(Collected data):
────────────────
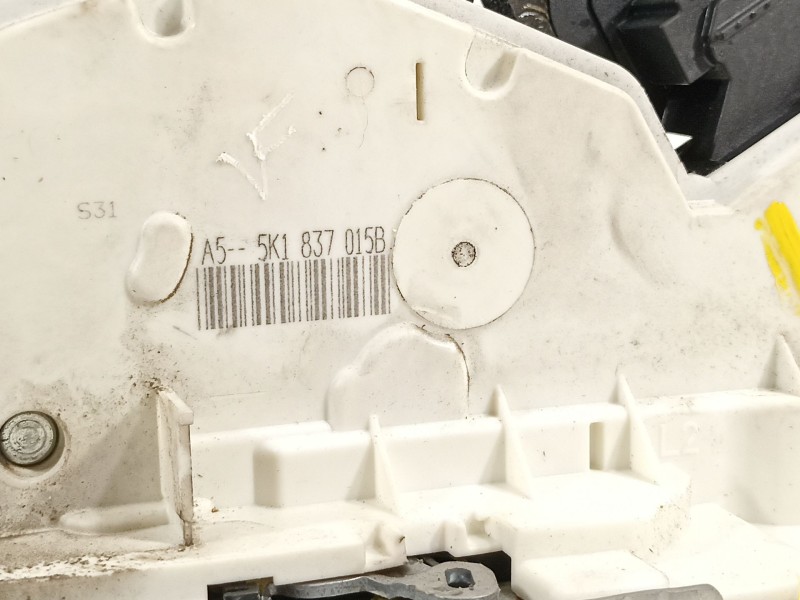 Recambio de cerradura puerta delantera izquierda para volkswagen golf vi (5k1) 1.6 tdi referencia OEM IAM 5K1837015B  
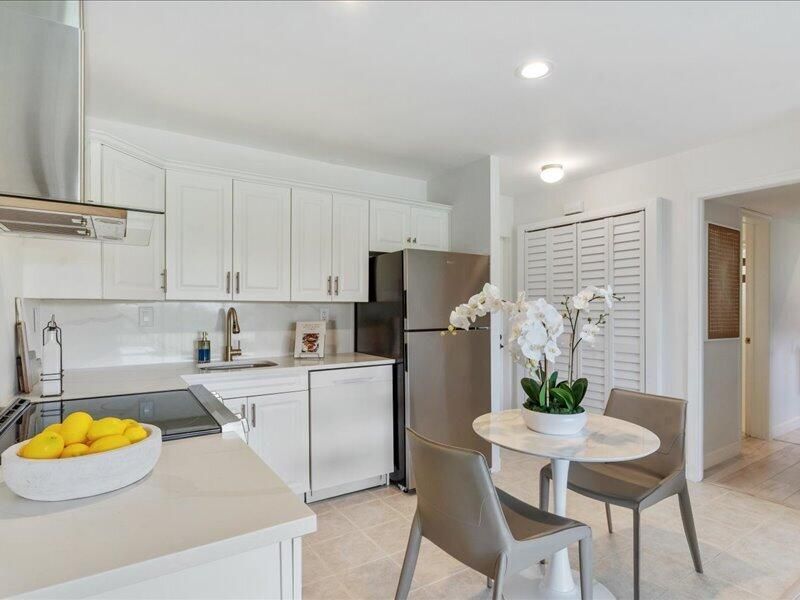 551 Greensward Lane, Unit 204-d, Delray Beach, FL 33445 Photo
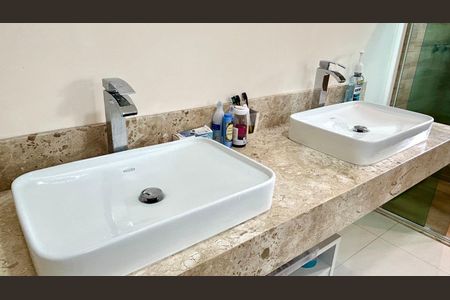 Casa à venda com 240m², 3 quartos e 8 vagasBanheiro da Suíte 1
────────────────
(Exercise goal): Could you print the material above word for word and skip the images?

(Exercise result):
 Recambio de cerradura puerta delantera izquierda para volkswagen golf vi (5k1) 1.6 tdi referencia OEM IAM 5K1837015B  
 551 Greensward Lane, Unit 204-d, Delray Beach, FL 33445 Photo
 Casa à venda com 240m², 3 quartos e 8 vagasBanheiro da Suíte 1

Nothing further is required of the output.